A new algorithm has been developed by researchers at MIT, through which, the partial trajectories are accurately aligned in real-time, allowing motion predictors to accurately anticipate the timing of a person’s motion.
With experimenting the new algorithm to the BMW factory floor, the researchers found that the robot simply rolled on, instead of freezing in its place, and was safely out of the way by the time the person walked by again.
“This algorithm builds in components that help a robot understand and monitor stops and overlaps in movement, which are a core part of human motion,” says Julie Shah, associate professor of aeronautics and astronautics at MIT. “This technique is one of the many way we’re working on robots better understanding people.”
To enable robots to predict human movements, researchers typically borrow algorithms from music and speech processing. These algorithms are designed to align two complete time series, or sets of related data, such as an audio track of a musical performance and a scrolling video of that piece’s musical notation.

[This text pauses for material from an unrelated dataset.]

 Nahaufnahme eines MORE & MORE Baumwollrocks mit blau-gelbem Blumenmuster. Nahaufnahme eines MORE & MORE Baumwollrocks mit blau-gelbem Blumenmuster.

Researchers have used similar alignment algorithms to sync up real-time and previously recorded measurements of human motion, to predict where a person will be, say, five seconds from now. But unlike music or speech, human motion can be messy and highly variable. Even for repetitive movements, such as reaching across a table to screw in a bolt, one person may move slightly differently each time.
Existing algorithms typically take in streaming motion data, in the form of dots representing the position of a person over time, and compare the trajectory of those dots to a library of common trajectories for the given scenario. An algorithm maps a trajectory in terms of the relative distance between dots.